Aller au contenu

Page:Labriolle - La Réaction païenne, 1934.djvu/277

La bibliothèque libre.
Le texte de cette page a été corrigé et est conforme au fac-similé.

On me répondra : « Dieu peut tout. » Mais cela n’est pas vrai. Dieu ne peut pas tout. Il ne peut faire qu’Homère n’ait pas été poète, qu’Ilion n’ait pas été détruite, que deux fois deux fassent cent, et non point quatre. Dieu, le voulût-il, ne peut devenir méchant, ni pécher, car il est essentiellement bon[1]… Et lui, le Créateur, il verrait le ciel — peut-on imaginer quelque chose de plus admirablement beau que le ciel ! — se liquéfier, les étoiles tomber, la terre disparaître, tandis que les corps pourris, anéantis, des hommes ressusciteraient, y compris ceux qui, avant la mort, offraient un aspect pénible et repoussant ? Même s’il lui était facile de les ressusciter avec une forme seyante, comment la terre contiendrait-elle tous les morts, depuis la naissance du monde, s’ils venaient à ressusciter ?
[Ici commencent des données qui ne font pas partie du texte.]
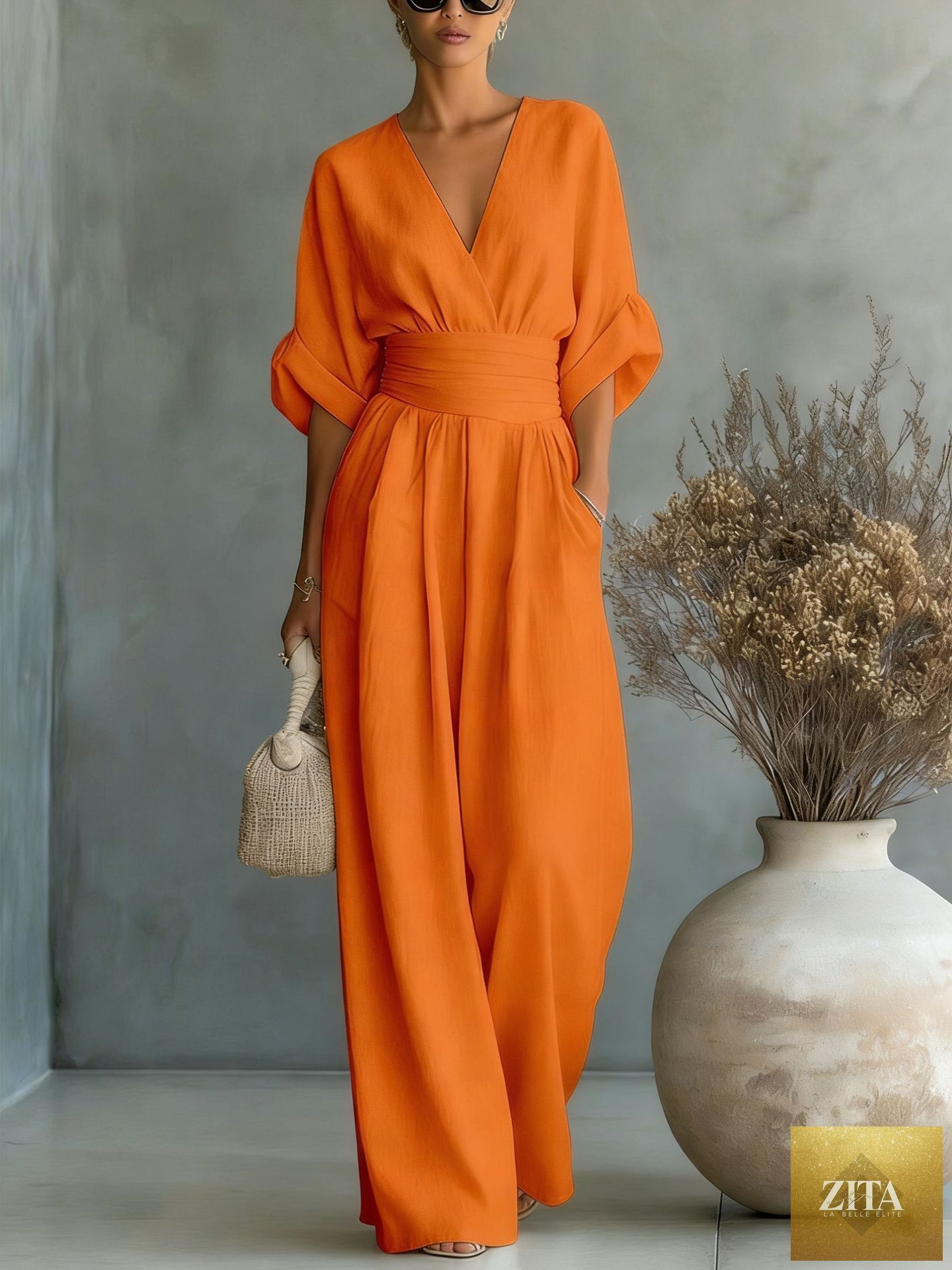 Women's V-neck wide-leg jumpsuit by MERIDGE featuring high waist and pleated design, shown in a stylish, elegant fit.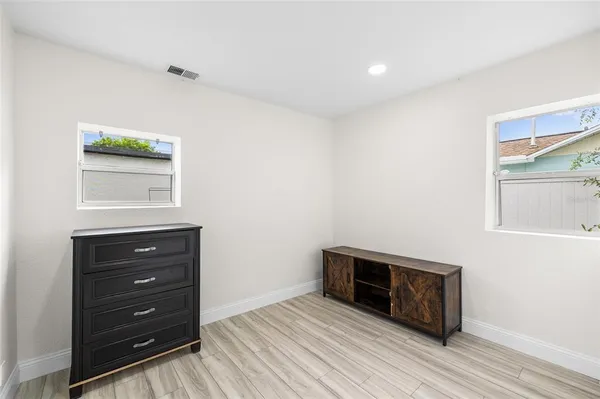 a view of a room with wooden floor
On veut trouver dans la résurrection du Christ ou dans celle de Lazare une sorte de préfiguration de la nôtre. Mais le rapport reste inopérant. Le Christ, par hypothèse, n’était point né comme nous ex semine[2]. Quant à Lazare, c’est son propre corps, non encore tombé en déliquescence, qu’il reprit. Le nôtre doit être, après bien des siècles, tiré d’un mélange confus. Ensuite, si l’état qui suit la résurrection est un état heureux, exempt des besoins terrestres, pourquoi le Christ ressuscité a-t-il goûté à des aliments et montré ses plaies ? S’il l’a fait pour convaincre un incrédule, ce n’a été qu’un semblant ; s’il les a montrées pour de bon, c’est donc que l’on gardera après la résurrection les

  1. Sur ce point le chrétien Origène eût été d’accord avec Porphyre : « Nous ne nous réfugions pas, avait-il écrit, dans cette affirmation que tout est possible à Dieu, car nous savons fort bien qu’il ne faut pas entendre ce mot « tout » des objets qui n’existent pas ou qu’on ne peut concevoir. Nous disons aussi que Dieu ne peut commettre des actes mauvais : autrement Dieu aurait le pouvoir de cesser d’être Dieu. » Cf. E. de Faye, Origène, t. III, Paris, 1928, p. 33.
  2. « Si Christi, inquiunt, quo modo potest haec convenire resurrectioni natorum ex semine, eius qui nulla seminis condicione natus est ? » Harnack remarque que cette idée de chrétiens nés ἐκ τοῦ σπέρματος χριστοῦ est « ungewöhnlich ». Mais je crois qu’il faut lier haec à eius qui… : cette construction, un peu dure, est exigée par le sens. Dès lors, l’idée « insolite » signalée par Harnack disparaît du texte.